--- DIRECTIONS FOR THIS TASK ---
Starting with the line that has "DreamBid. Zdjęcie 2." in the records below and ending with the line that has "Whey Plus Ultimate 500 GR", output those lines exactly and nothing more; omit the pictures.

--- DATA SHOWN ---
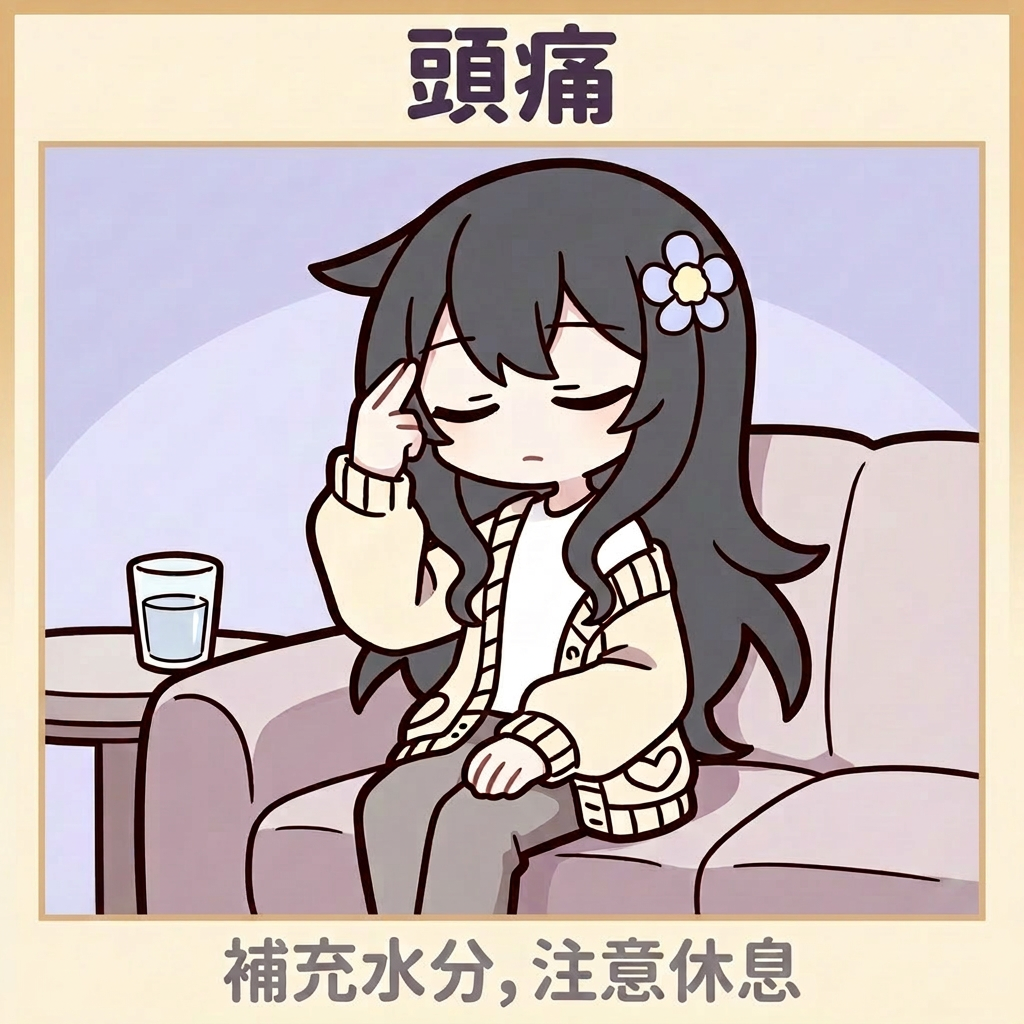 頭痛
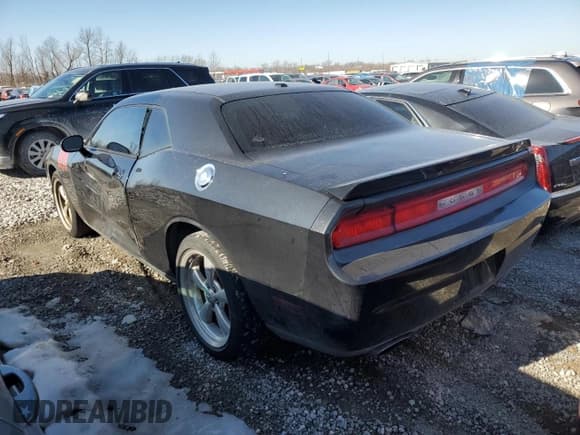 ✅ 2010 Dodge Challenger R/T Classic • VIN: 2B3CJ5DT9AH111155 • Lot: 42625685. Wystawiony na Copart z przebiegiem 189 688 mil. Bezpłatny archiwum sprzedaży aukcyjnych z USA i szczegółowy raport historii pojazdu na DreamBid. Zdjęcie 2.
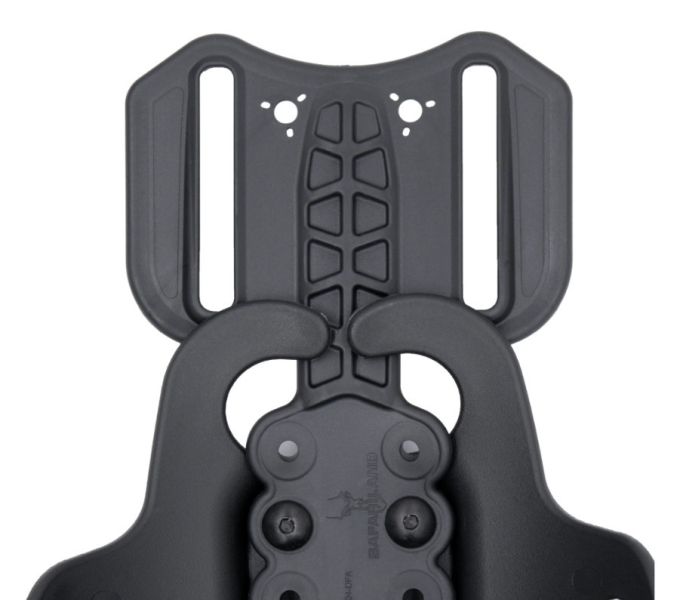 Safariland® 6004-25 - 單腿帶腿掛板（附 Drop Flex Adapter，DFA） Safariland, 單腿帶腿掛板, Drop Flex Adapter, 戰術配件, 槍套, 防滑腿帶, 穩定性, 附加配件, 武器配件, 戰術裝備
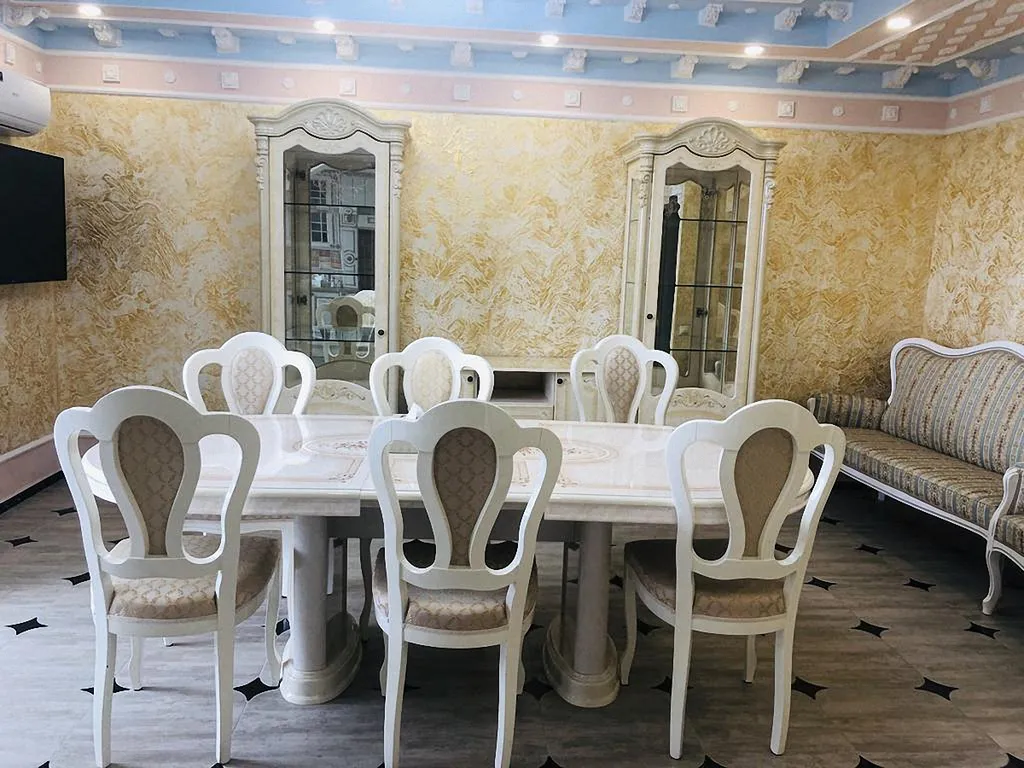 Квартира класса люкс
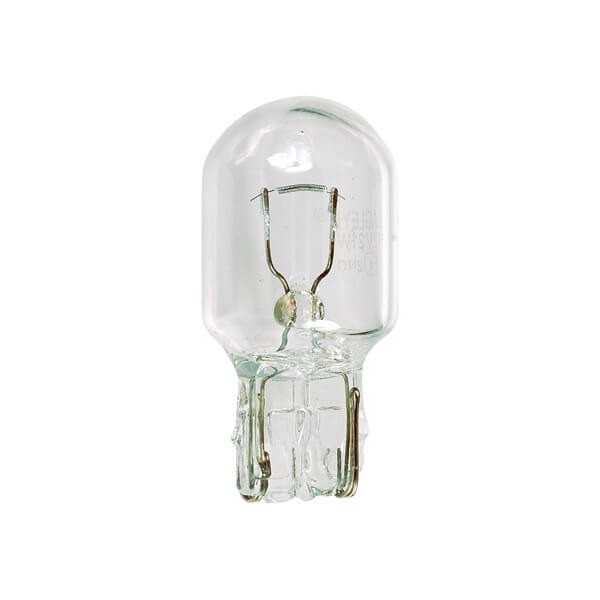BOITE 10 AMPOULES WEDGE 12V. 21W. T20  W3x16D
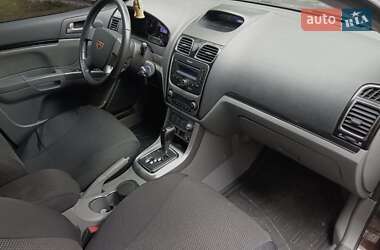 Хетчбек Geely Emgrand 7 (EC7) 2012 в 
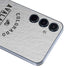 NHL Colorado Avalanche Black Text Galaxy A36 5G Skin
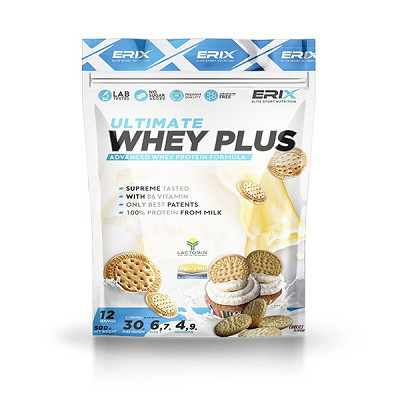 Whey Plus Ultimate 500 GR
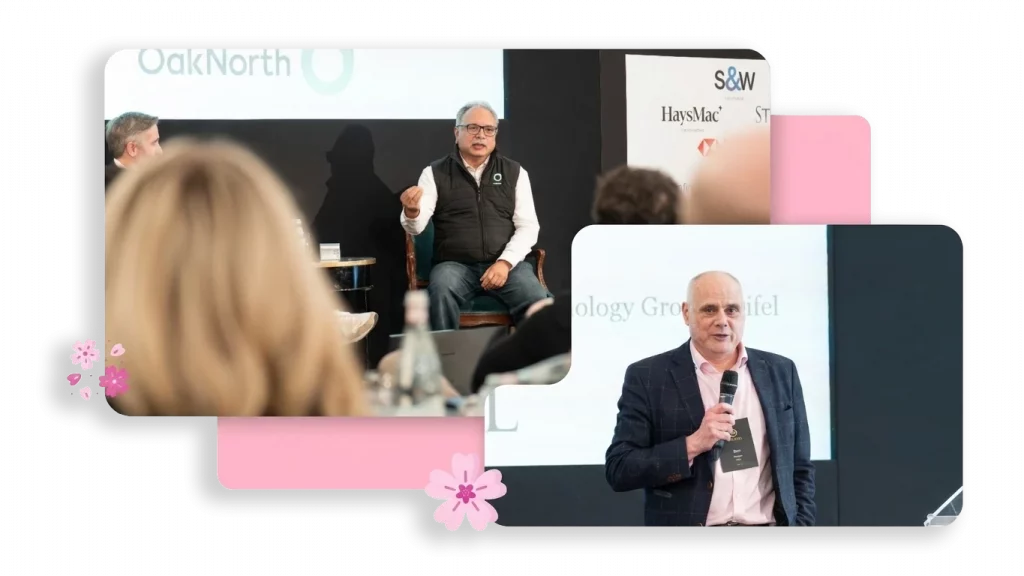 Professional Audio Production for Conferences & Events in London - Red Ronin Studios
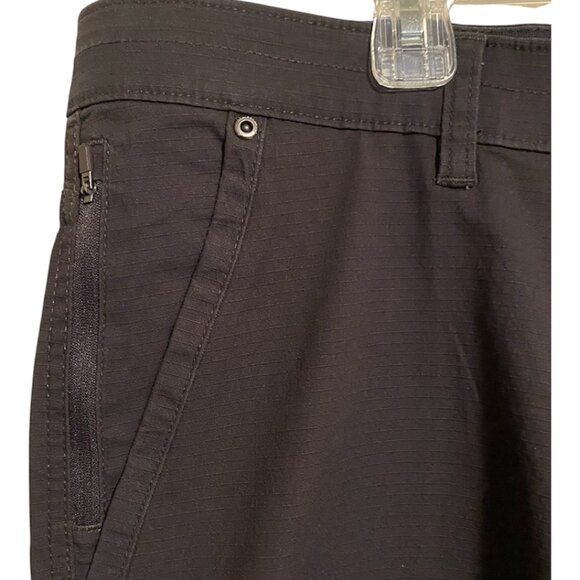 Weatherproof Men's Flex Waist Stretch Multifunctional Utility Shorts Size 38W - Picture 8 of 14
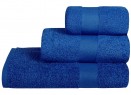 Полотенце махровое Soft Me Medium, синее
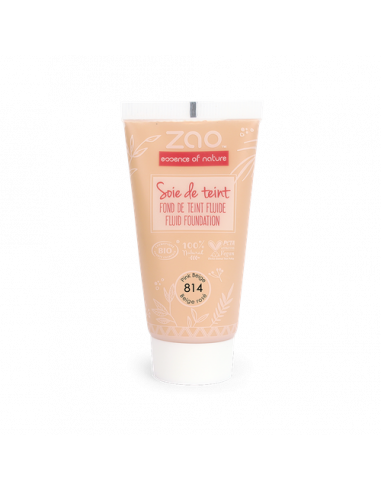 Recharge - Soie de teint  - Fond de teint fluide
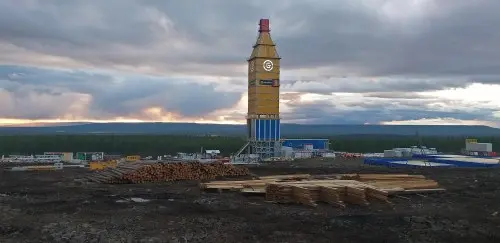Энергокомплекс Cummins 3 МВт для буровой установки АО «Росгеология» с трансформаторами 6,3/0,4 кВ – фото 108 из 118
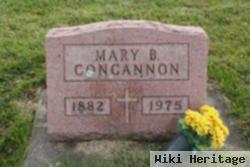 Mary B Concannon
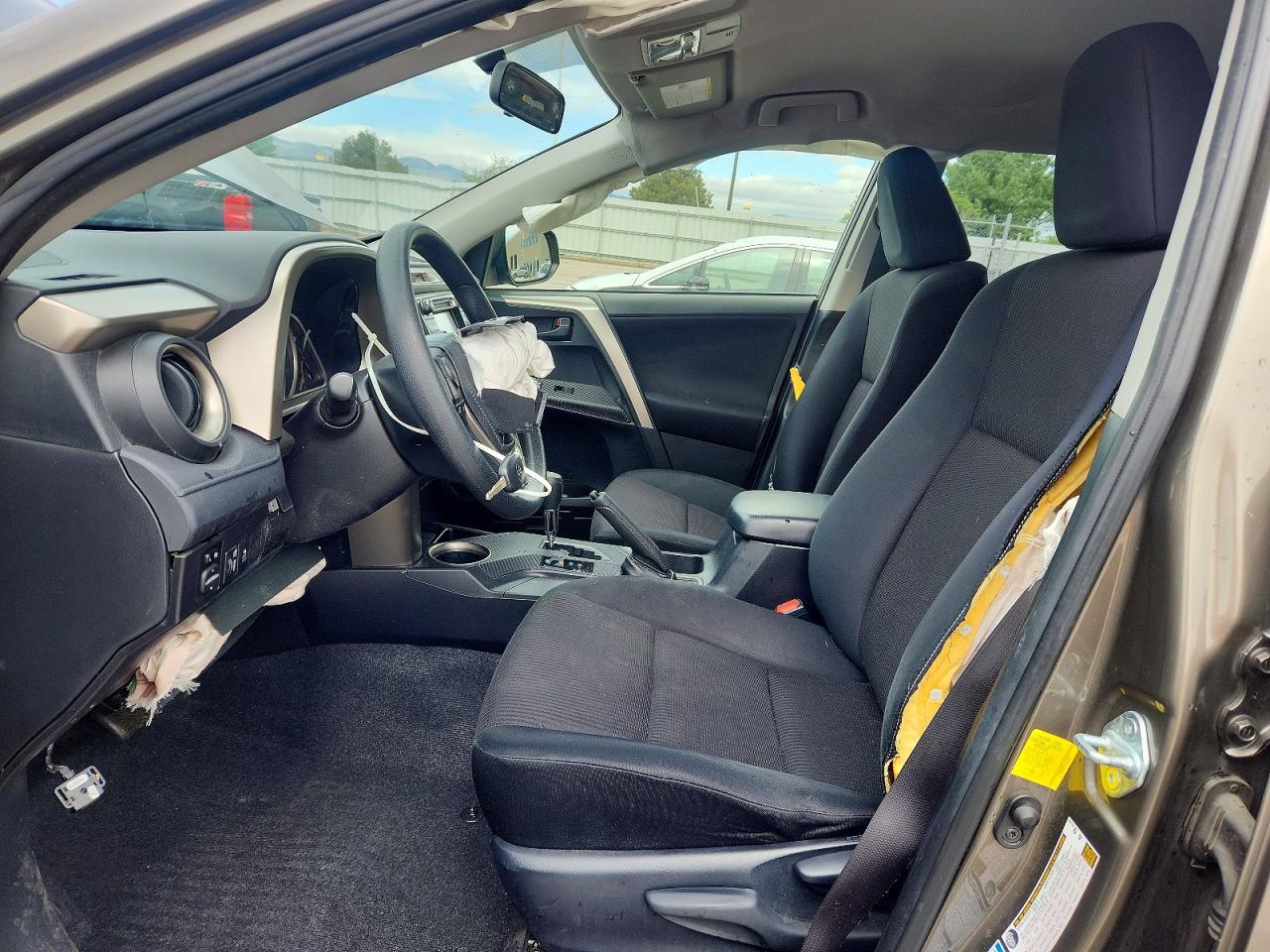 Toyota RAV4 Le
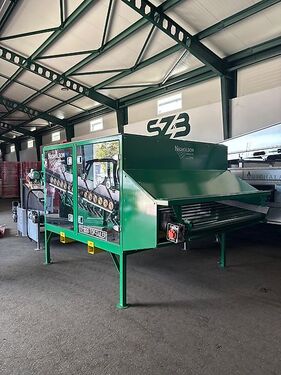Sonstige Top Tailer Onion Cleaner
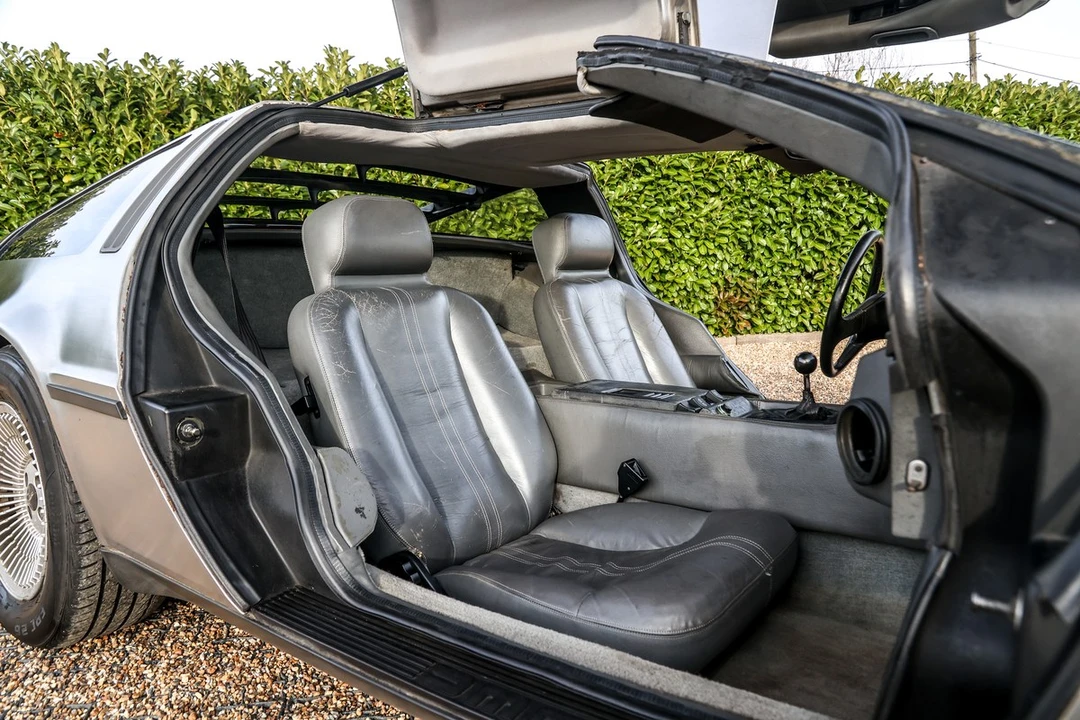 1981 DeLorean DMC-12 - Image 14 of 30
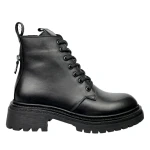 Botki damskie Boccato 024.16103.621 czarne-1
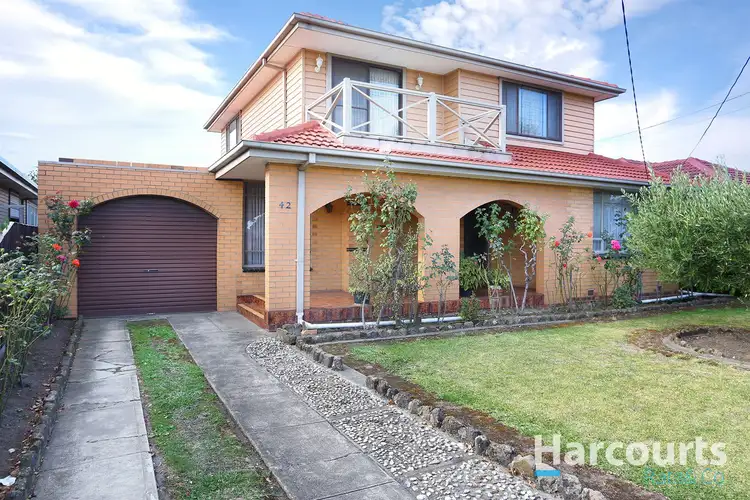 Second view of Homely house listing, 42 Alexander Avenue, Thomastown VIC 3074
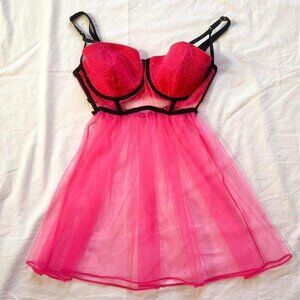 Victoria's Secret Women's Pink Underwear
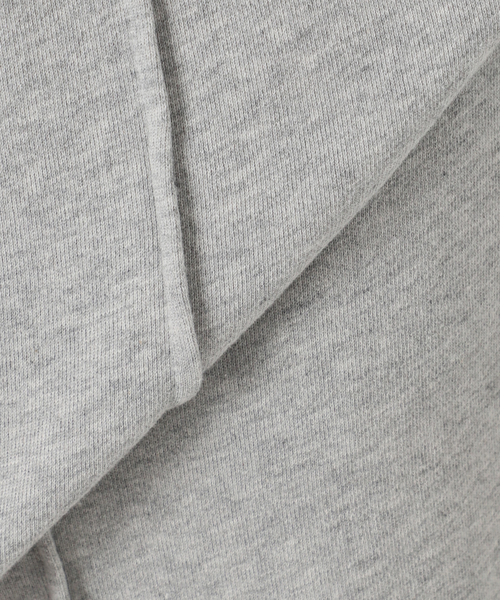 B.C STOCK（ベーセーストック）の「裏毛センターシームスウェットパンツ（スウェットパンツ・レディース・ブラック系その他/チャコールグレー・FREE）」の22枚目の写真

--- EXERCISE ANSWER ---
 ✅ 2010 Dodge Challenger R/T Classic • VIN: 2B3CJ5DT9AH111155 • Lot: 42625685. Wystawiony na Copart z przebiegiem 189 688 mil. Bezpłatny archiwum sprzedaży aukcyjnych z USA i szczegółowy raport historii pojazdu na DreamBid. Zdjęcie 2.
 Safariland® 6004-25 - 單腿帶腿掛板（附 Drop Flex Adapter，DFA） Safariland, 單腿帶腿掛板, Drop Flex Adapter, 戰術配件, 槍套, 防滑腿帶, 穩定性, 附加配件, 武器配件, 戰術裝備
 Квартира класса люкс
BOITE 10 AMPOULES WEDGE 12V. 21W. T20  W3x16D
 Хетчбек Geely Emgrand 7 (EC7) 2012 в 
 NHL Colorado Avalanche Black Text Galaxy A36 5G Skin
 Whey Plus Ultimate 500 GR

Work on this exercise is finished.